The present invention relates in general to the field of heat pipes and, in particular to a new and improved method and apparatus for filling, sealing, and field servicing heat pipes.
Larger size water/carbon steel heat pipes generally incorporate fill tubes through which the working fluid is passed into the heat pipes, and through which the heat pipes are placed under vacuum. In some cases, a union is used to allow for venting of non-condensible gases from the heat pipes after some period of service.
The use of a standard heat pipe fill tube is shown schematically in FIG. 1. During manufacture of the heat pipe 10, one end of a fill tube 12 is welded to a hemispherical or elliptical end cap 14 by means of a weld 16. The heat pipe 10 is then filled with a working fluid schematically indicated at 18, degassed and evacuated to a "hard" vacuum. The heat pipe 10 is then sealed via a tube crimp 20 and a weld 22 at the other end of the fill tube 12. FIG. 2 shows the use of a union or coupling generally designated 30, in combination with two fill tubes, a primary fill tube 32 and a secondary fill tube 34. During manufacture of the heat pipe 10, one end of the primary fill tube 32 is welded to the end cap 14 and the other end is welded to externally threaded portion 36 of union 30. The secondary fill tube 34 is then connected to the primary fill tube 32 via internally threaded portion 38 of union 30. A typical conical bushing 40 fits on a portion 42 of the secondary fill tube 34 within the union or coupling 30 to make the seal. The heat pipe 10 is again filled with the working fluid 18, degassed and evacuated to a "hard" vacuum. The heat pipe 10 is then sealed via a tube crimp 44 and sealing weld 46 on the secondary fill tube 34.
The designs shown in FIGS. 1 and 2 have several drawbacks because each provides for several possible failure points; i.e., at welds 16, 22, 46 and at tube crimp 20, 44. In FIG. 1, the crimp 20 reduces the strength of the fill tube 12, the heat pipe 10 cannot be vented of non-condensible gas after a period of service, and the sampling of non-condensible gas and the making of pressure measurements from a heat pipe 10 requires penetration of the fill tube 12 wall, rendering it unusable as a pressure boundary.
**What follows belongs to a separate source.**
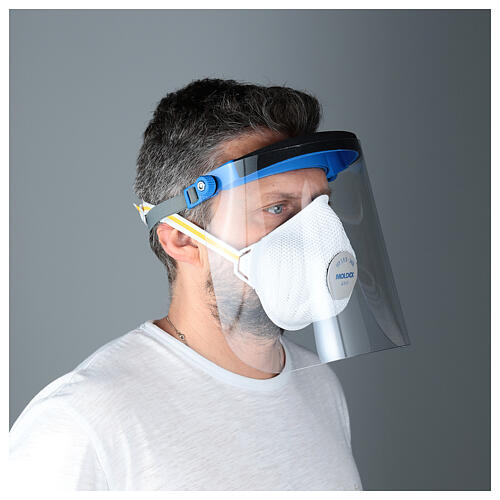 Protective plastic visor against contagion 3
In FIG. 2, five possible failure points exist; i.e., at welds 16, 46, at tube crimp 44, and at the seal within union 30. Additionally, venting of the heat pipe 10 in the field is cumbersome, and sampling of non-condensible gas and pressure measurements from the heat pipe 10 again requires penetration of the primary 32 or secondary 34 fill tube wall thus rendering either of them unusable as a pressure boundary. In particular, once any fill tube 12 or 32 is penetrated, the entire heat pipe 10 must be replaced because restoration of the heat pipe 10 in the field is not currently possible.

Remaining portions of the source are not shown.